--- DATA FOR REVIEW ---

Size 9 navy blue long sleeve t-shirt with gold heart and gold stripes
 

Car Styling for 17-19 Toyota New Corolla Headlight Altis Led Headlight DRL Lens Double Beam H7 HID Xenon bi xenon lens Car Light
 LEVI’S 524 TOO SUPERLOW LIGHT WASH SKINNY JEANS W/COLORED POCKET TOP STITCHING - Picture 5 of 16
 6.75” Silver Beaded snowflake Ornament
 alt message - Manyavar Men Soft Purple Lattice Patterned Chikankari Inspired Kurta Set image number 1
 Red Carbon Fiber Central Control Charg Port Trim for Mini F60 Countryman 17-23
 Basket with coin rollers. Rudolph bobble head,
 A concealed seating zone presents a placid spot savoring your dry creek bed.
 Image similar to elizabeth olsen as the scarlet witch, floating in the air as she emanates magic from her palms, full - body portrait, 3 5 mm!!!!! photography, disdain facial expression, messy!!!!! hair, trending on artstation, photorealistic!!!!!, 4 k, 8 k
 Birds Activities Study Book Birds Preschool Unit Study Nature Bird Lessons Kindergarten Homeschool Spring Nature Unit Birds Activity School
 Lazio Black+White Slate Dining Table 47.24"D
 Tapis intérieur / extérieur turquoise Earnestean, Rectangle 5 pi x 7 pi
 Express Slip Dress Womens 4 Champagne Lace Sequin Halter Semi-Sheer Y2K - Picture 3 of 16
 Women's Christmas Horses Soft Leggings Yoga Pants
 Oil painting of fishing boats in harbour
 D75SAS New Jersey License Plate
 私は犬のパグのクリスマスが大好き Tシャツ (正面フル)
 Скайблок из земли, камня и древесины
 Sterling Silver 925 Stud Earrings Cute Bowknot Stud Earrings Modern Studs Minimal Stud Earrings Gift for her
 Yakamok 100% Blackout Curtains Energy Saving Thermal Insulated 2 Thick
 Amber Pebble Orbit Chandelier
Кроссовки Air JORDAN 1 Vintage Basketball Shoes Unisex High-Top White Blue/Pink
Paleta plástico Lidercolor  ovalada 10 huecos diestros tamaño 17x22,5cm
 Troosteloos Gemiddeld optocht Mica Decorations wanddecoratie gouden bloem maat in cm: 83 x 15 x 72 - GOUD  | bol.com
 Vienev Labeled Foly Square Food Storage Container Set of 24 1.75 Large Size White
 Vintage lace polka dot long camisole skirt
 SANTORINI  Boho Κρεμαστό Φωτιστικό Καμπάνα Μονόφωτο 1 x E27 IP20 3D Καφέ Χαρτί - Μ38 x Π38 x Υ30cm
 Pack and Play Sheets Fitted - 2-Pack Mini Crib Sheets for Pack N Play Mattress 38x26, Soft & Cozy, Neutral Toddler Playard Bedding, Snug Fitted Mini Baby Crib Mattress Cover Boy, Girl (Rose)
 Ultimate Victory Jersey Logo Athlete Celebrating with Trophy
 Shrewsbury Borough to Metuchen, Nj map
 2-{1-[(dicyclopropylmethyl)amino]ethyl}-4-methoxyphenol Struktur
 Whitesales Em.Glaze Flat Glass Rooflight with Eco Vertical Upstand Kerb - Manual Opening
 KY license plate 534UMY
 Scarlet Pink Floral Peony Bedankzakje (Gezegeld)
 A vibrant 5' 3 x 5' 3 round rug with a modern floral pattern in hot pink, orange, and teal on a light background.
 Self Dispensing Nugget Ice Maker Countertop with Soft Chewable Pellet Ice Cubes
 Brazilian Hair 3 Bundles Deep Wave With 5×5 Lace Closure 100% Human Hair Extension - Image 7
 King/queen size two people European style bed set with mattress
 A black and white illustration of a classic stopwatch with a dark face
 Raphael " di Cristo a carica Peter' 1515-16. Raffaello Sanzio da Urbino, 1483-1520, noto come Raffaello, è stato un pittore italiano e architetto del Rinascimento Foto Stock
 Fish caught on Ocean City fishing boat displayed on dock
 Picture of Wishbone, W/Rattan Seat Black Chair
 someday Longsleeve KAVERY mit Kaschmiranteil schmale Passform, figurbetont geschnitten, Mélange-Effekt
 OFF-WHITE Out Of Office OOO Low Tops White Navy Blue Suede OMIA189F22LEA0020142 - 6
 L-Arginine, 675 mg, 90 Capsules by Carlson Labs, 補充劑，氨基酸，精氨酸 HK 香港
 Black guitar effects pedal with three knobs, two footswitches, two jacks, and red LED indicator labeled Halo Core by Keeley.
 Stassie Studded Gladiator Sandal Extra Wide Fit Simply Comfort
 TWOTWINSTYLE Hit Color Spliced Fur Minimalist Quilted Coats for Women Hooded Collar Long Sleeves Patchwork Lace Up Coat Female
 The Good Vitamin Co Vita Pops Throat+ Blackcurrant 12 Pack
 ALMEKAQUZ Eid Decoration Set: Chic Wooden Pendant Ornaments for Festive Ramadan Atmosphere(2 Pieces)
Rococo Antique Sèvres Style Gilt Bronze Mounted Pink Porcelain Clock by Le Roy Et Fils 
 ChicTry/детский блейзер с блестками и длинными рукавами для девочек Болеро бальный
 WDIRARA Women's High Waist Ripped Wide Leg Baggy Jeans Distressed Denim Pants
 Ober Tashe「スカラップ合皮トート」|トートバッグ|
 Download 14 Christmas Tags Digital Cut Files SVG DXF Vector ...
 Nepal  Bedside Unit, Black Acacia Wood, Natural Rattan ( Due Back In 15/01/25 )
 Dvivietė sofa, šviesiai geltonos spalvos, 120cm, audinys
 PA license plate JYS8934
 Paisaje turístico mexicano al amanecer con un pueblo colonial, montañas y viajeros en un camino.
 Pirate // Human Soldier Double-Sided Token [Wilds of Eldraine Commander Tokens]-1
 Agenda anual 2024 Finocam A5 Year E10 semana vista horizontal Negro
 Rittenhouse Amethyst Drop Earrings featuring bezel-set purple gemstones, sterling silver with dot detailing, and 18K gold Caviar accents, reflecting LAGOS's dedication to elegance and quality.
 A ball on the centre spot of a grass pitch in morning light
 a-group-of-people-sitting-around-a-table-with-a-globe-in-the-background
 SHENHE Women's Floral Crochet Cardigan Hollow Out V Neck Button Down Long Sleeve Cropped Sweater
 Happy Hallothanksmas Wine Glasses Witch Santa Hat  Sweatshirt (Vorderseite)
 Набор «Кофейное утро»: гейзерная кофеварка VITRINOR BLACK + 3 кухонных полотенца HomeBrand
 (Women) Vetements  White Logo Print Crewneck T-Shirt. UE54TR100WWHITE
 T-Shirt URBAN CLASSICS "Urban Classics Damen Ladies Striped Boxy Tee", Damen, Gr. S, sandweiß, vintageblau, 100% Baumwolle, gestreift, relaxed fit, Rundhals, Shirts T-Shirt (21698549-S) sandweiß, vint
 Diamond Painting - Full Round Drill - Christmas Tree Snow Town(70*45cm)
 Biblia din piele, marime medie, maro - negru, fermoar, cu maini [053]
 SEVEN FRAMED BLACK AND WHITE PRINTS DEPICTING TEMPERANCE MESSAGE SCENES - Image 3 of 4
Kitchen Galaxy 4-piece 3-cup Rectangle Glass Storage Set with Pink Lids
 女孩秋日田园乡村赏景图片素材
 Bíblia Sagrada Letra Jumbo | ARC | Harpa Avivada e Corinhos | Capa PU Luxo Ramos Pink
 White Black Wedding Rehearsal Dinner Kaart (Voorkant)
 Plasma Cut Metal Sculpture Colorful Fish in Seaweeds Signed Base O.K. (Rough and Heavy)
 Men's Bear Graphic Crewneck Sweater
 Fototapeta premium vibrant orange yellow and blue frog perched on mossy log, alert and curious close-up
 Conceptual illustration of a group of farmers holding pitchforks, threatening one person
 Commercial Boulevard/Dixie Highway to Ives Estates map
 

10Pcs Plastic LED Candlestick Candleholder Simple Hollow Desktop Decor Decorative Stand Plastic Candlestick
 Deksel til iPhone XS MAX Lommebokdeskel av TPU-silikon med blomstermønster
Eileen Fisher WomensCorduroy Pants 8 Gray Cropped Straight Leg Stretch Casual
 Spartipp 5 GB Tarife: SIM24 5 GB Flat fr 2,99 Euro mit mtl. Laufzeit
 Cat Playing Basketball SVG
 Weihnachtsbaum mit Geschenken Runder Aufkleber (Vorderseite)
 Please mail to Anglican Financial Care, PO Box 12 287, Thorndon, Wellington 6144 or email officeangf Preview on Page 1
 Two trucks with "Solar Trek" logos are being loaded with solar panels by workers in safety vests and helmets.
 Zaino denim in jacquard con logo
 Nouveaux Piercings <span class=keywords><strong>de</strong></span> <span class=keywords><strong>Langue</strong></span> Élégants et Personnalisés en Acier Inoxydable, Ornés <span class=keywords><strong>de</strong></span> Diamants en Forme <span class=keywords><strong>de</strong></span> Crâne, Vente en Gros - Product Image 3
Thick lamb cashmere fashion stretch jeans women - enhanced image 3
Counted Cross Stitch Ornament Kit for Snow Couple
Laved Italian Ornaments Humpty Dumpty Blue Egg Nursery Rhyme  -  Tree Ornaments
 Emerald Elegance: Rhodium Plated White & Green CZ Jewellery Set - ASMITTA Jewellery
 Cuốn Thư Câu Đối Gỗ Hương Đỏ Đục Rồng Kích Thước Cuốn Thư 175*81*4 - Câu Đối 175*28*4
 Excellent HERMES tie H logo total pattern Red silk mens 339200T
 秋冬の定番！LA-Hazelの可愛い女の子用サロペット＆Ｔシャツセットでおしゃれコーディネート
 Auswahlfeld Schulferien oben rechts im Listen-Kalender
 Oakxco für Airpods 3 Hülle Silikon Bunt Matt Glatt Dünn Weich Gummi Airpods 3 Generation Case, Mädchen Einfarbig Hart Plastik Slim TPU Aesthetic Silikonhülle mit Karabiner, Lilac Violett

---

### DIRECTIONS
Go through the listing above and report how many of its lines contain the word "gold", with only the number as output.

### RESULT OF THIS EXERCISE
2